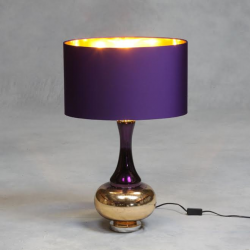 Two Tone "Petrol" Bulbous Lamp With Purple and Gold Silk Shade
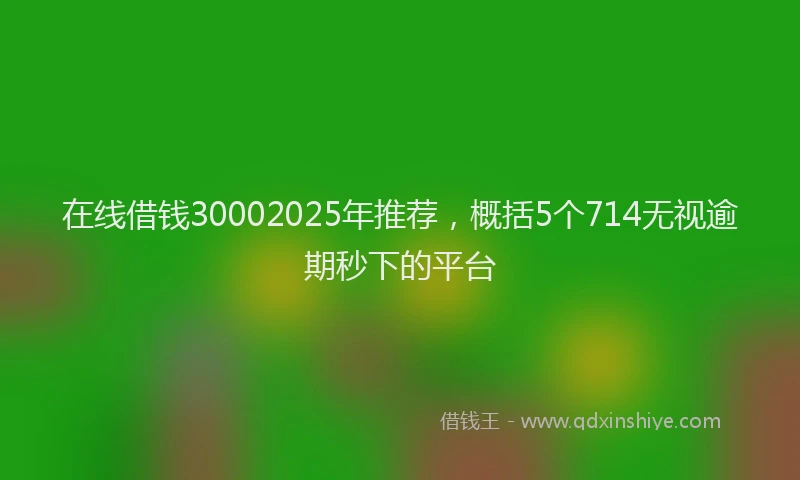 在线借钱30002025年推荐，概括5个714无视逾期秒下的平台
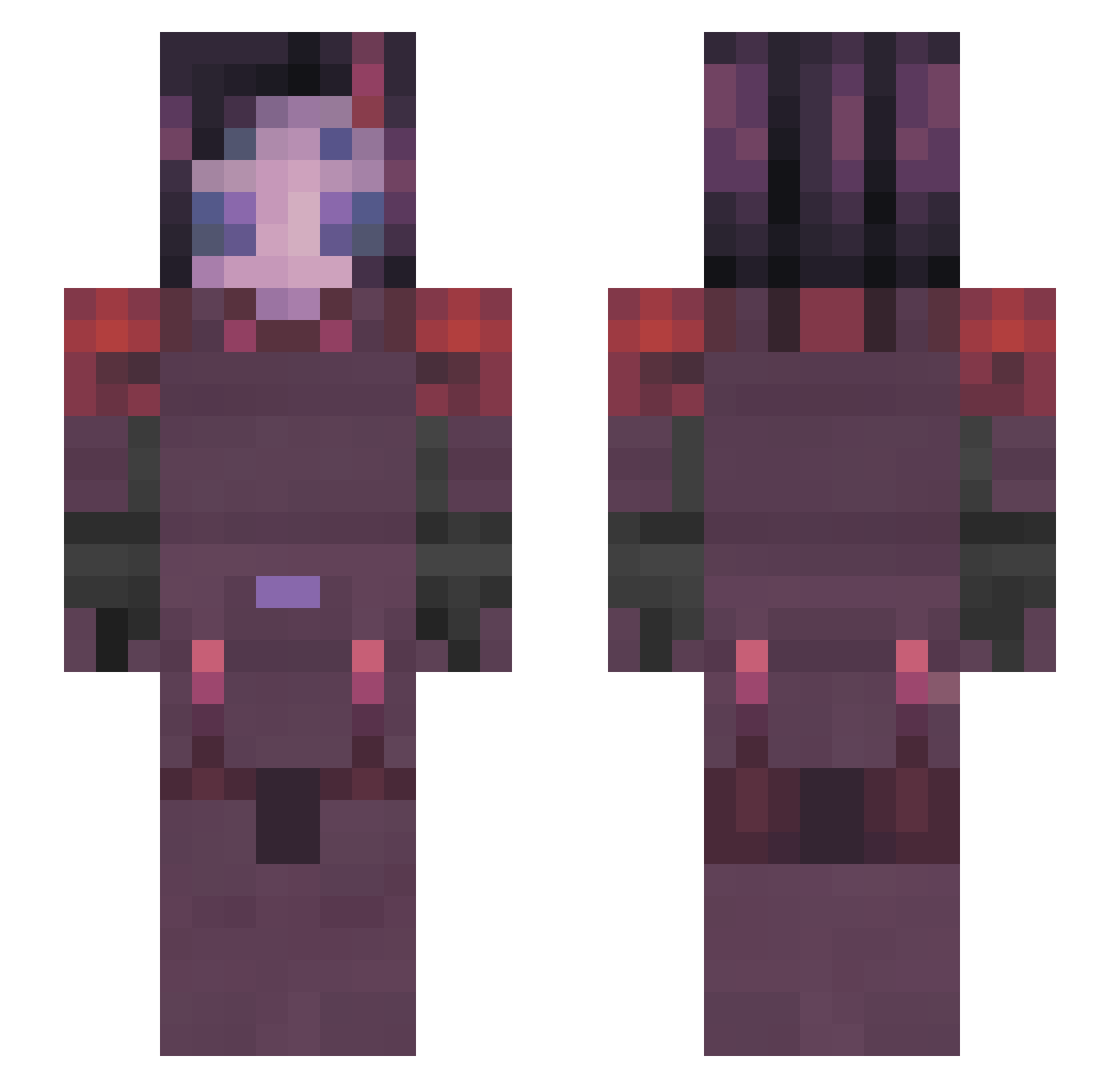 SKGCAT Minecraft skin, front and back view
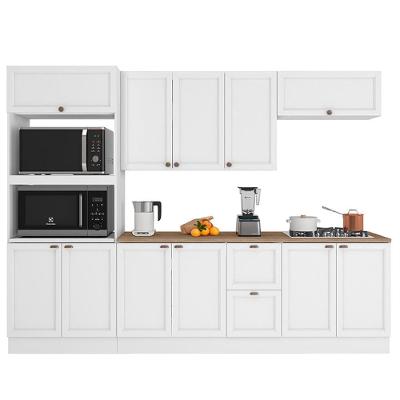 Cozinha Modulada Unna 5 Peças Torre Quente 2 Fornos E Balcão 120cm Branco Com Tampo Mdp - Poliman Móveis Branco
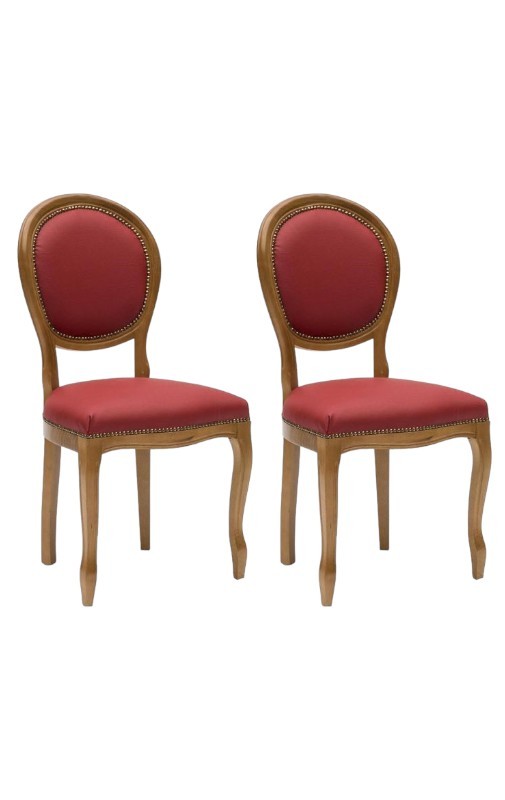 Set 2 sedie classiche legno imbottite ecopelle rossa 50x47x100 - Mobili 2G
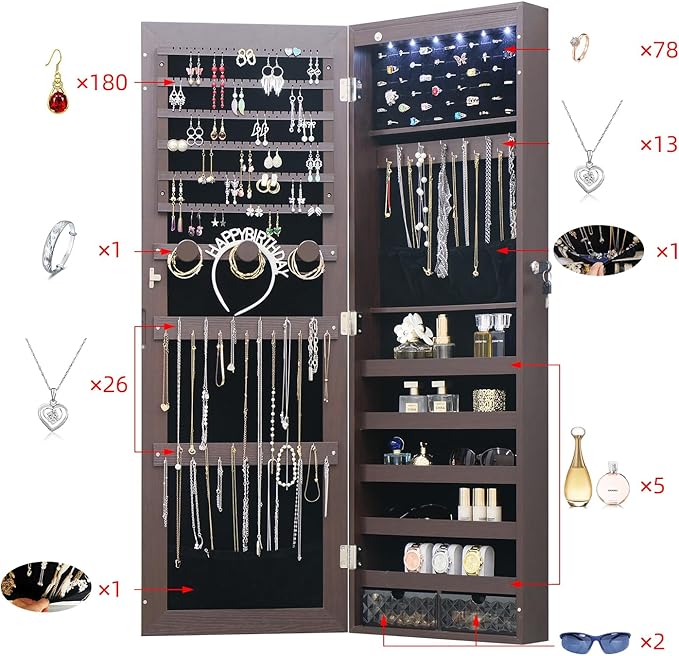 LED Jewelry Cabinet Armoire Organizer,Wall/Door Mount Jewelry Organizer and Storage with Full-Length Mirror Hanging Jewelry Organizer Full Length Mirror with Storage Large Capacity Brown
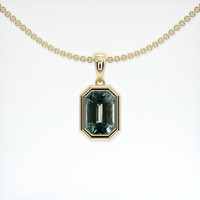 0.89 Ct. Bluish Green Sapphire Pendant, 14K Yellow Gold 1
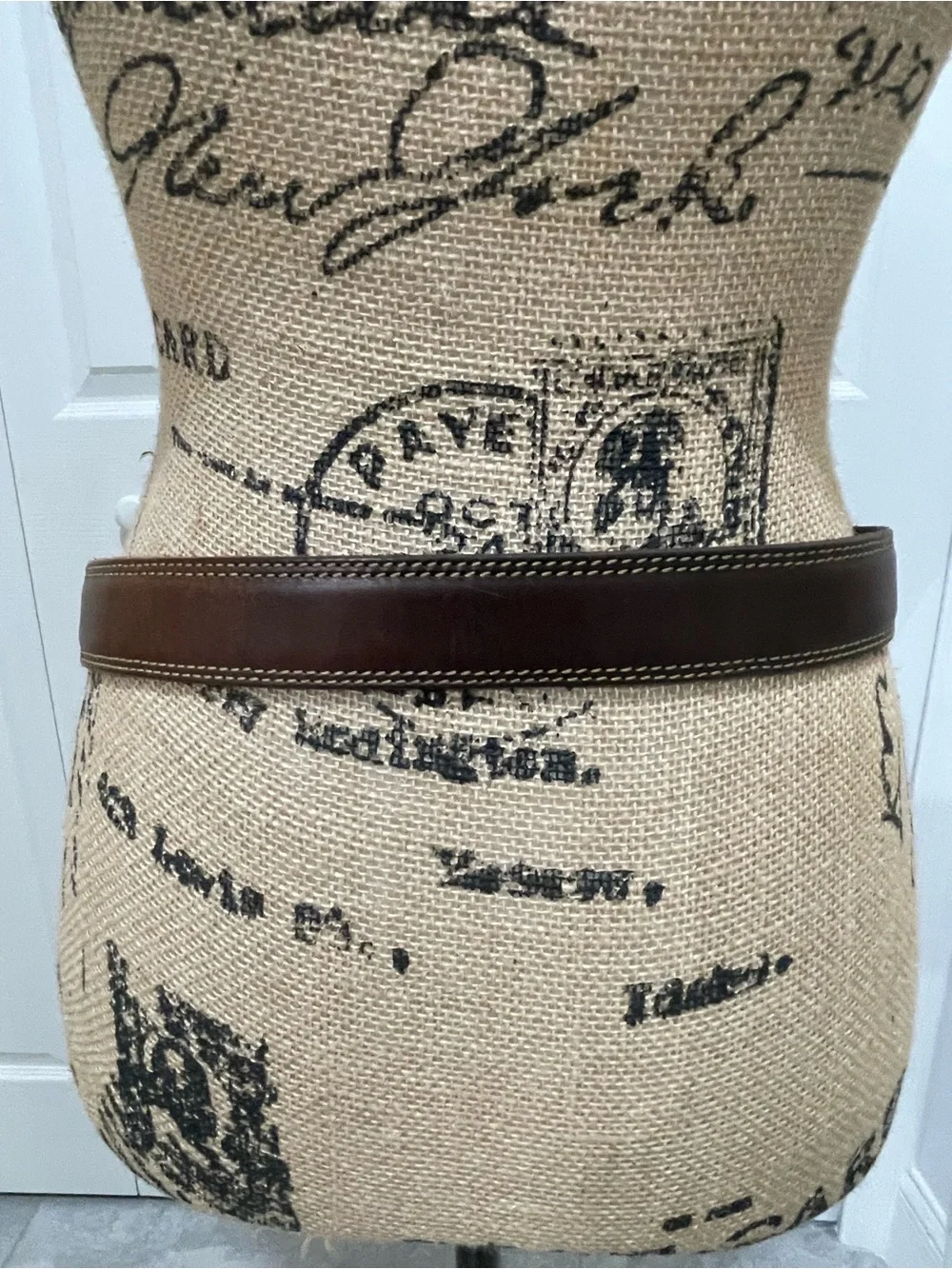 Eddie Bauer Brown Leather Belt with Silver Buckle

## Exercise brief
Write out every entry above exactly as it stands, minus the pictures.

## Exercise solution
 Two Tone "Petrol" Bulbous Lamp With Purple and Gold Silk Shade
 在线借钱30002025年推荐，概括5个714无视逾期秒下的平台
 SKGCAT Minecraft skin, front and back view
 Cozinha Modulada Unna 5 Peças Torre Quente 2 Fornos E Balcão 120cm Branco Com Tampo Mdp - Poliman Móveis Branco
 Set 2 sedie classiche legno imbottite ecopelle rossa 50x47x100 - Mobili 2G
 LED Jewelry Cabinet Armoire Organizer,Wall/Door Mount Jewelry Organizer and Storage with Full-Length Mirror Hanging Jewelry Organizer Full Length Mirror with Storage Large Capacity Brown
 0.89 Ct. Bluish Green Sapphire Pendant, 14K Yellow Gold 1
 Eddie Bauer Brown Leather Belt with Silver Buckle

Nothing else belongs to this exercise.